Affordable Solid Wood Front Door

I own an old house built in 1911 and wanted a front door that looked like it came from that era. But I also wanted a door with windows at the top for aesthetics and to see who’s at the front door when someone knocks. Here’s what I bought. (Continued below)

2016-03-25 16.39.27

2016-03-25 17.45.23

2016-03-31 15.41.13

The top photos show two views of my new door after refurbishing and installation.

The photo just above shows my old front door leaning on the porch. It was a nice door, but didn’t go with the period of the house and didn’t have any windows. I painted it red but didn’t get the color quite right to go with the green shades on the house. I like the color of the new door better.

I have been pricing solid wood front doors with windows for over a year and found they cost $500 to $600 for a brand new door. The one shown here cost me $90 at the ReStore down the street. I had to look for a long time to find it but it was worth the wait.

The only problem was the door was the wrong length and width, had the door knob and hinges on the wrong side, and needed sanding and repainting.

Since the door had windows at the top that I was looking for and had the style and look I wanted, I decided to make a project of it.

The first thing I did was plug the holes that were used for the old antique latch since they were on the wrong side of the door. I turned a piece of wood to exactly the diameter I needed to press in and glue the plug. I didn’t have to fill in the hinge slots since I needed to cut an inch off each long edge. I filled in small depressions with wood putty and sanded smooth.

I used a straight edge and cut off the door at the bottom and both long sides. Then I had to route out the door for the hinges. I wanted to use the existing door jamb so I measured carefully from the top of the door for the hinge and latch locations. After this I drilled out 2-1/8″ holes for the latch and dead bolt, drilled the 1″ holes for the latches, and routed out the edge of the door for the latch hardware.

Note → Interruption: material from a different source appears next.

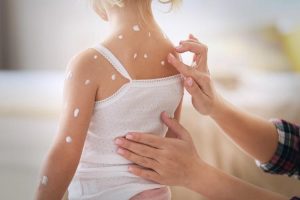 Nổi các nốt mụn nước là triệu chứng dễ biết nhất của bệnh thủy đậu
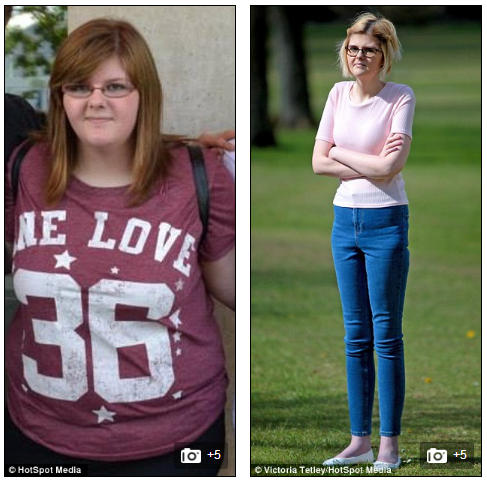 Trong ba tháng, trọng lượng của Kirsty Watson (20 tuổi) giảm gần 65kg trong vì mắc chứng Crohn - một bệnh viêm ruột. Miêu tả về triệu chứng của mình, Kristy cho biết "Đó là một điều đáng sợ. Mỗi lần cố gắng ăn cái gì đó, tôi đều buồn nôn. Nó khủng khiếp đến mức, tôi chỉ làm ăn một bữa mỗi ngày". Sau ba tháng, Kristin mất đi một nửa trọng lượng cơ thể. Cô gày đến mức xương nhô ra và da chuyển sang màu xám.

The paint on both sides of the door was cracked and checked so I stripped off the paint with paint remover and sanded both sides using a belt sander and lots of hand sanding. I then painted the door with good thick outdoor paint that included primer. I used a small roller designed for painting doors and touched up the inset edges with a brush. It took about 3 coats for coverage.

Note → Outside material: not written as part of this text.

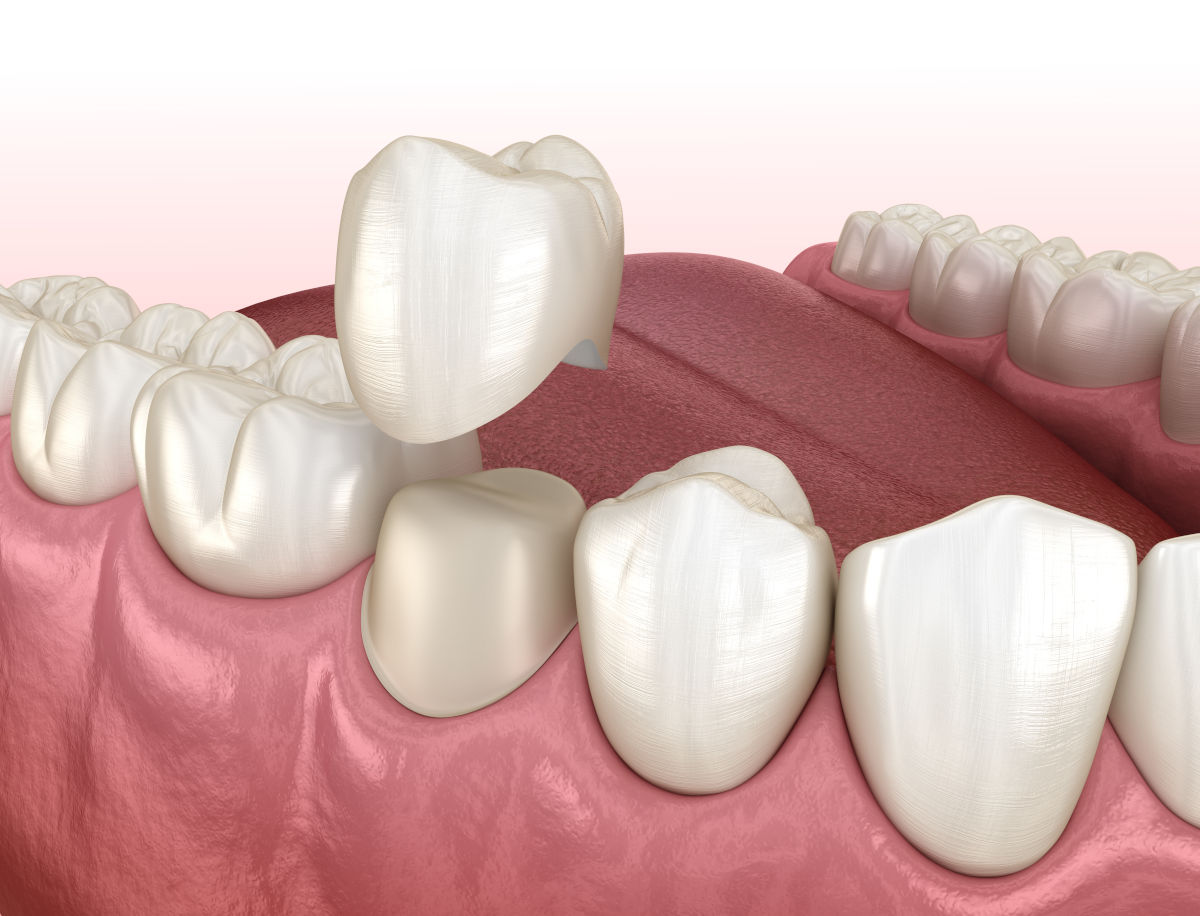 Dental crown being fitted onto a prepared molar after root canal treatment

I then installed the latch (a venetian bronze colored handle set). I got the latch from Kwikset and was able to use the reprogramming feature on the lock to set it so my existing key would work. I screwed on and hinges and hung the door using the existing hinge and latch locations on the jamb.

This may seem like a lot of work (and it was) but the effort saved me about $500 on the cost of a door and gave me the old fashioned look I wanted.